WHAT TO WORK ON » The reply must consist of the lines from the first line of the records through the line containing "212 Main LPO777", copied exactly, with every picture omitted.

Crawled caption data
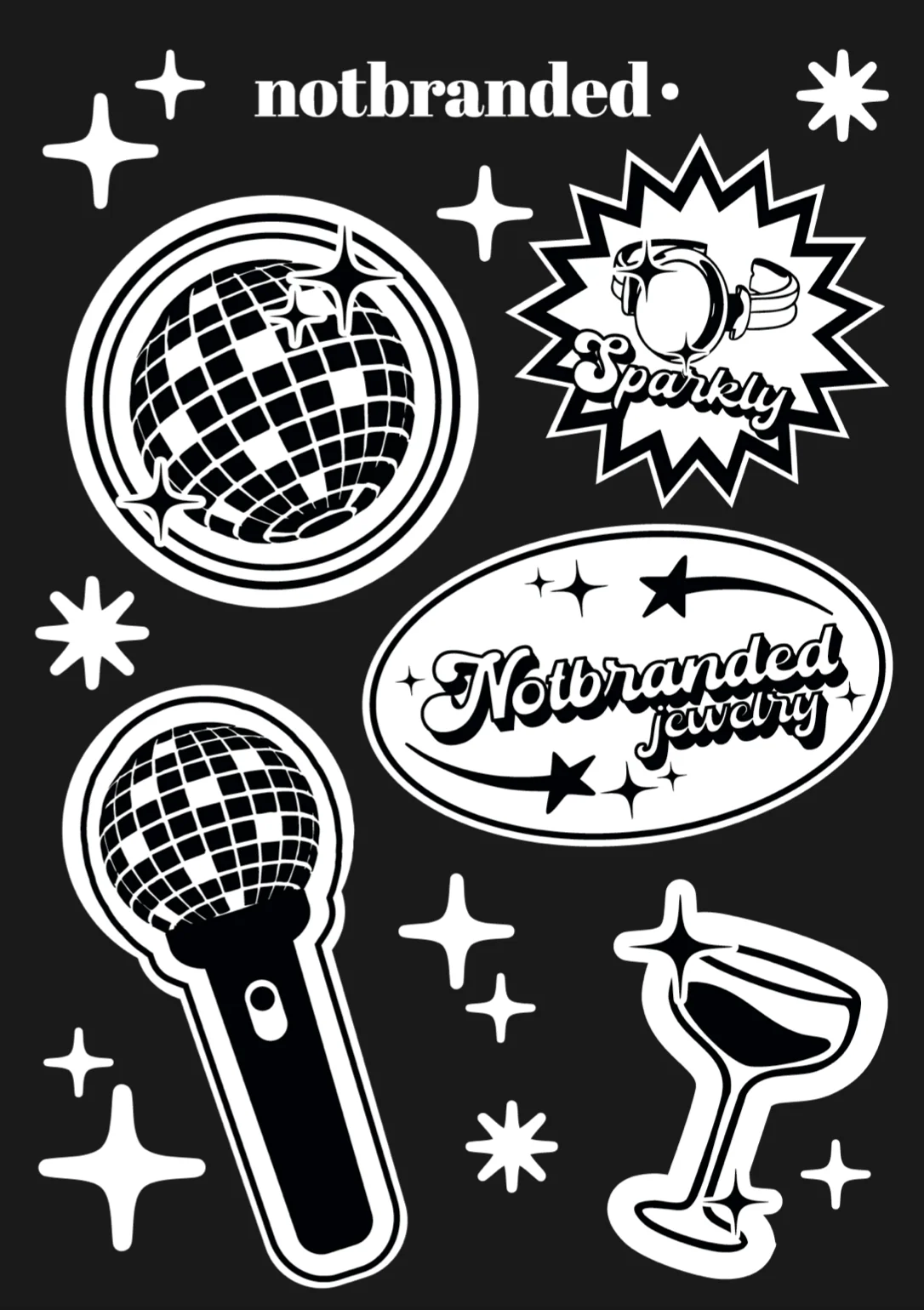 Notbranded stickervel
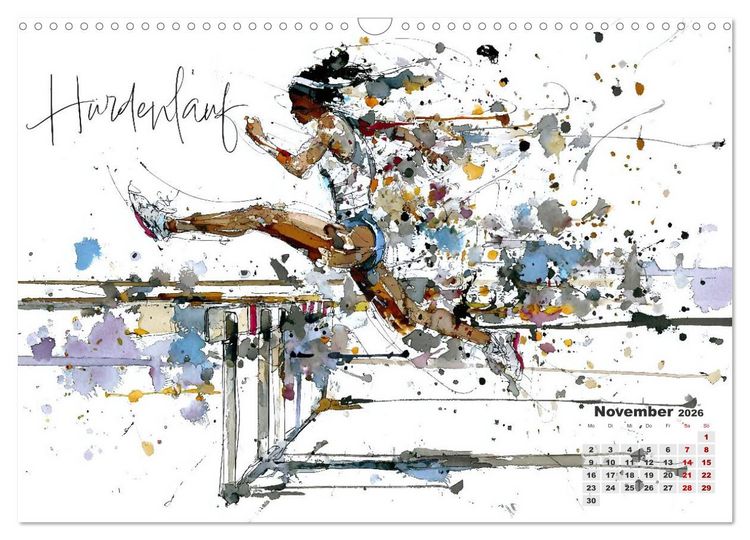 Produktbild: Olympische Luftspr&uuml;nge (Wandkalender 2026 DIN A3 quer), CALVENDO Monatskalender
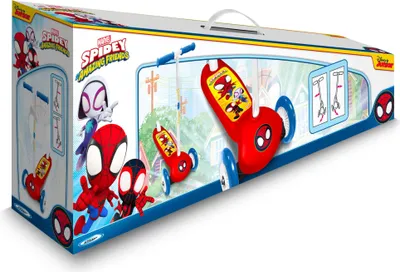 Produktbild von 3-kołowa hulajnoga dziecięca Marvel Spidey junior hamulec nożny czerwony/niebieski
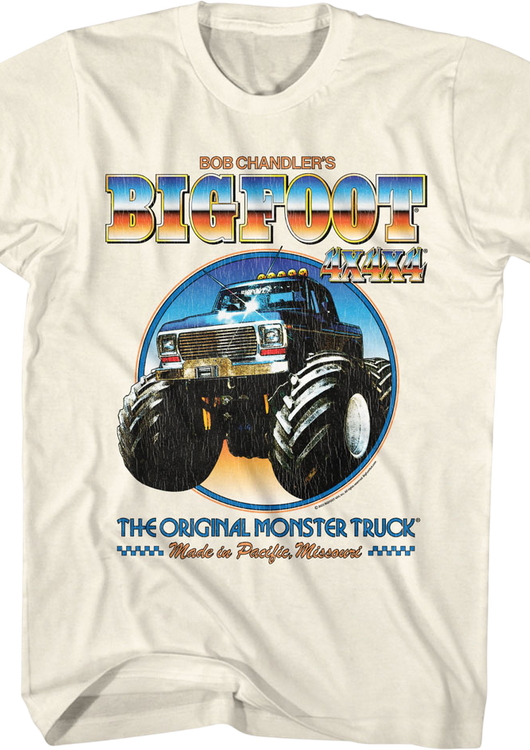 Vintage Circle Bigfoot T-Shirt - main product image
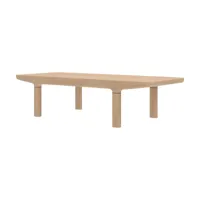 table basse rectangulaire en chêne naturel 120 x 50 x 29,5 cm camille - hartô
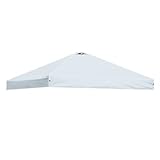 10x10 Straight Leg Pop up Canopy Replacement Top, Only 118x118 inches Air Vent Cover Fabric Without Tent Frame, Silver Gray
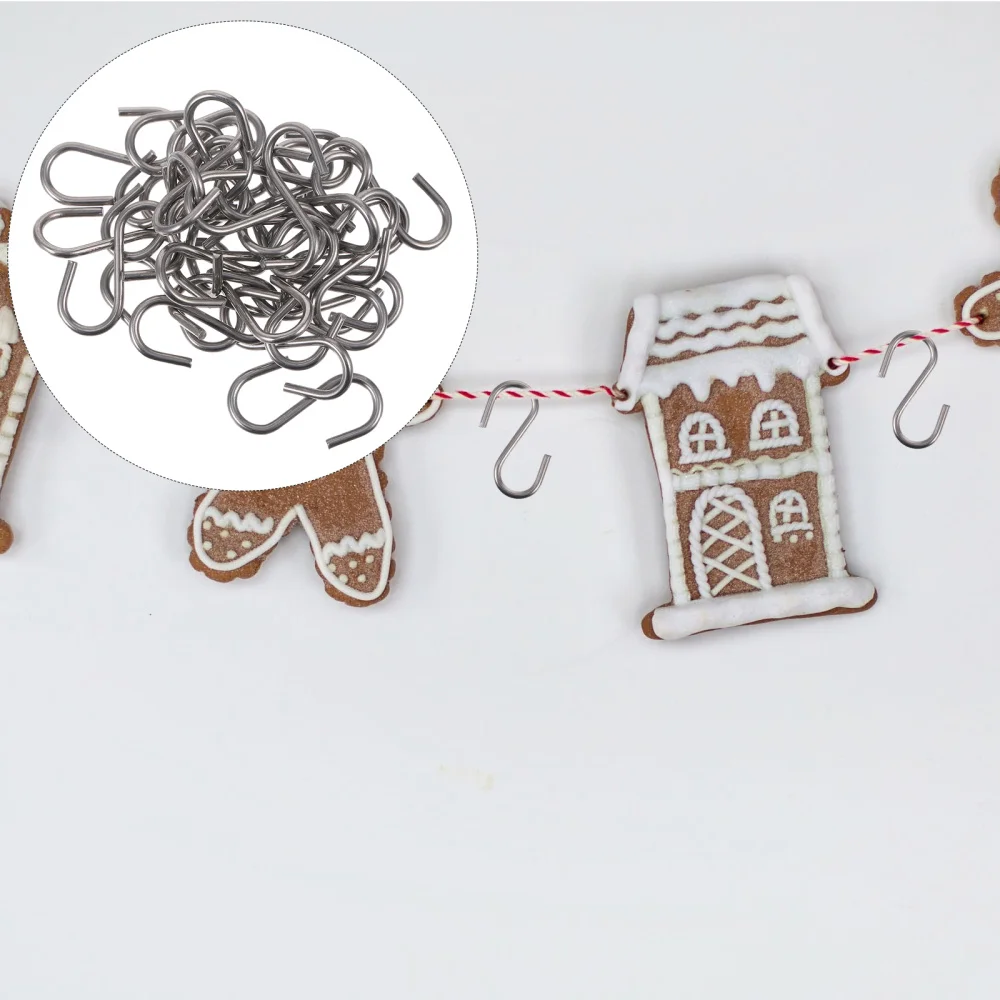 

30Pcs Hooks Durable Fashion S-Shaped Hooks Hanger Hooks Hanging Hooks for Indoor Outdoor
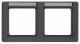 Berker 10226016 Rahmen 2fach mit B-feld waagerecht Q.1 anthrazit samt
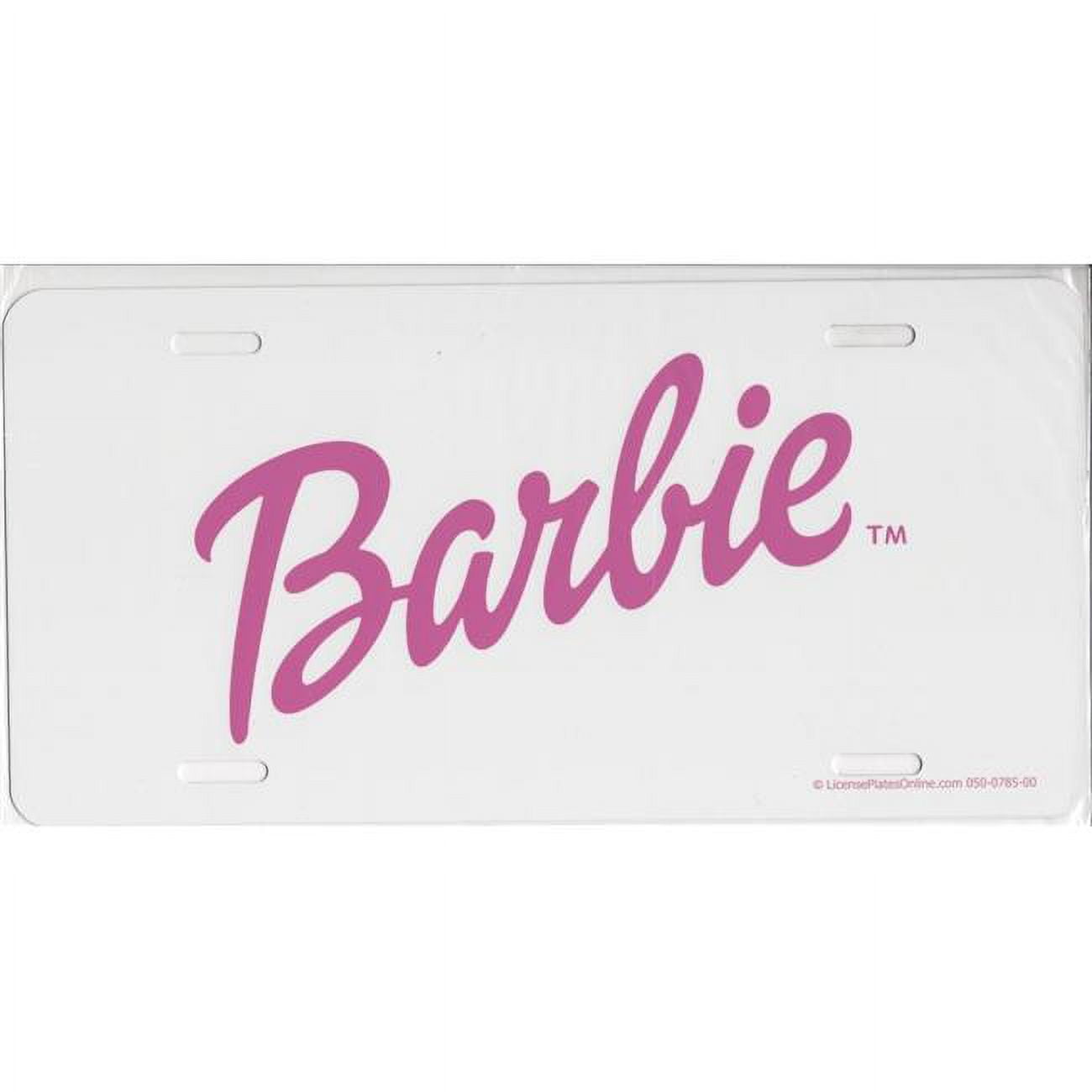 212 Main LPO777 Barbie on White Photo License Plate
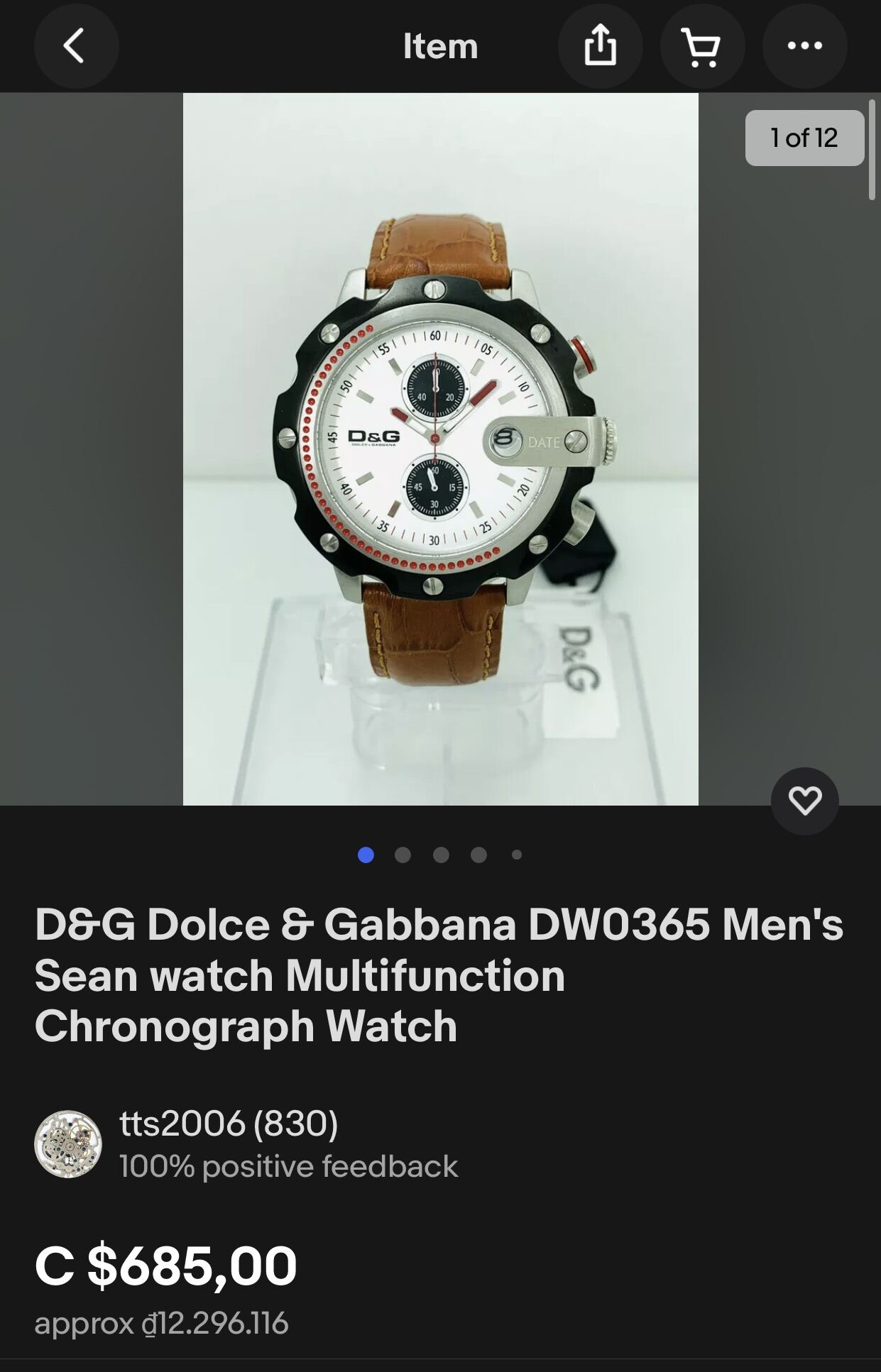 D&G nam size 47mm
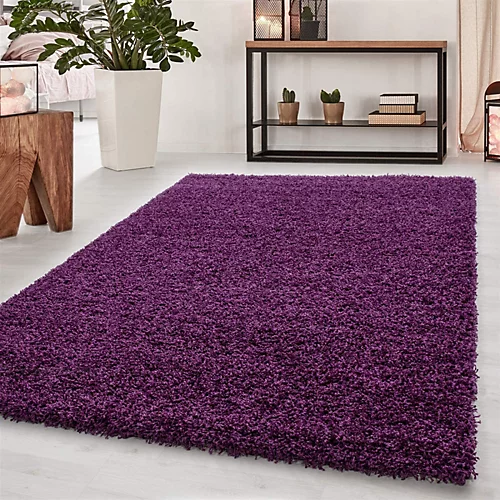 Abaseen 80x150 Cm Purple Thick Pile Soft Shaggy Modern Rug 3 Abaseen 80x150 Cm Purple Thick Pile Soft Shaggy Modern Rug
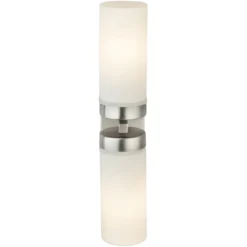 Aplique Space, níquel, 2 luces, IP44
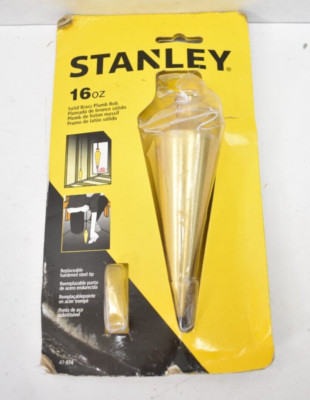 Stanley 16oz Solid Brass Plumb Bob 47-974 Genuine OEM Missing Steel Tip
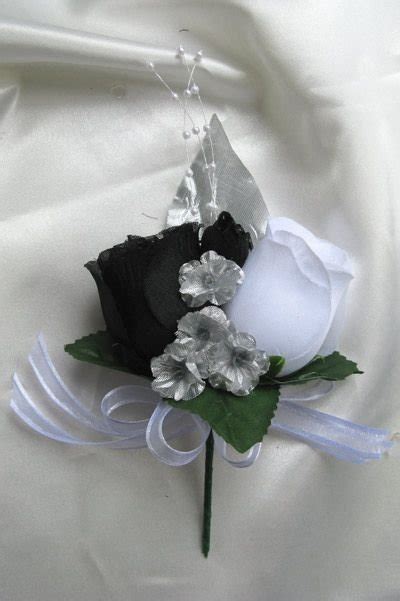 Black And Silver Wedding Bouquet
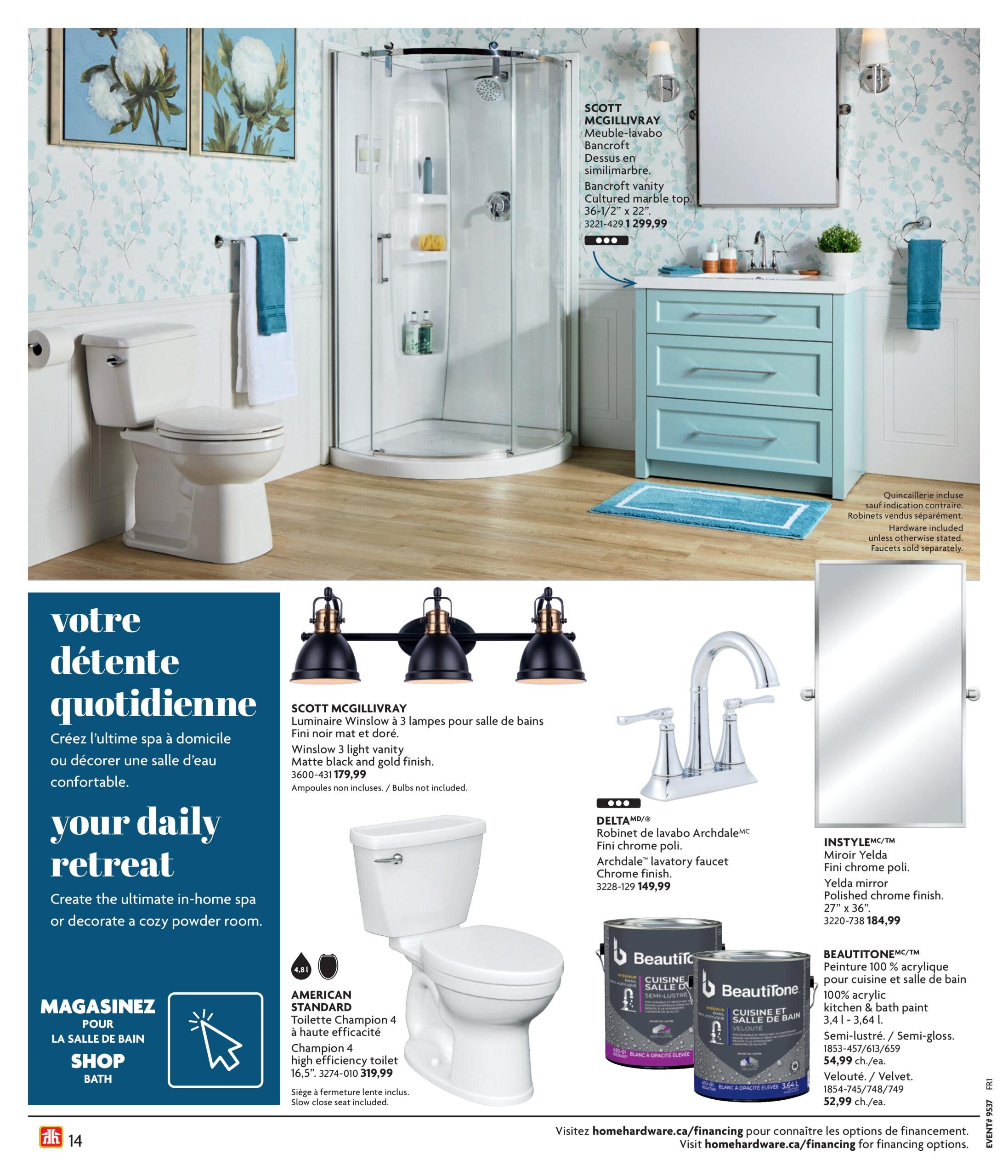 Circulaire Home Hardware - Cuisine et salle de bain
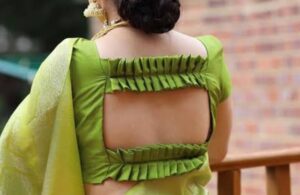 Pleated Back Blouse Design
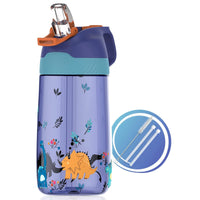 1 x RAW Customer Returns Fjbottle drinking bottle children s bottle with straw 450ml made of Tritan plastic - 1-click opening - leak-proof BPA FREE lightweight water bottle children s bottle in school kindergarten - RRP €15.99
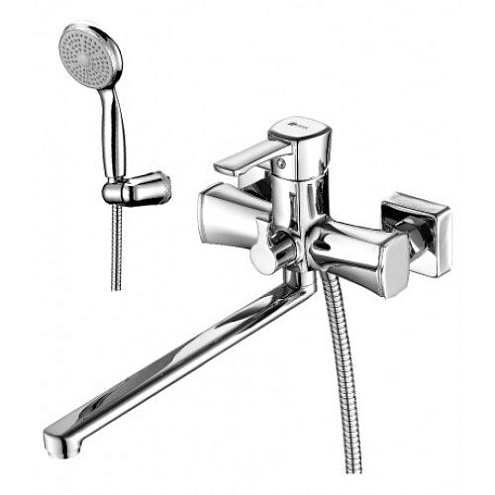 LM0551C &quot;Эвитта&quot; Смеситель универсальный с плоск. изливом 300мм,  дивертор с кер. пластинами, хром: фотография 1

SOLUTION FOR THIS PROBLEM »
 Notbranded stickervel
 Produktbild: Olympische Luftspr&uuml;nge (Wandkalender 2026 DIN A3 quer), CALVENDO Monatskalender
 Produktbild von 3-kołowa hulajnoga dziecięca Marvel Spidey junior hamulec nożny czerwony/niebieski
 Vintage Circle Bigfoot T-Shirt - main product image
 table basse rectangulaire en chêne naturel 120 x 50 x 29,5 cm camille - hartô
 10x10 Straight Leg Pop up Canopy Replacement Top, Only 118x118 inches Air Vent Cover Fabric Without Tent Frame, Silver Gray

30Pcs Hooks Durable Fashion S-Shaped Hooks Hanger Hooks Hanging Hooks for Indoor Outdoor
 Berker 10226016 Rahmen 2fach mit B-feld waagerecht Q.1 anthrazit samt
 212 Main LPO777 Barbie on White Photo License Plate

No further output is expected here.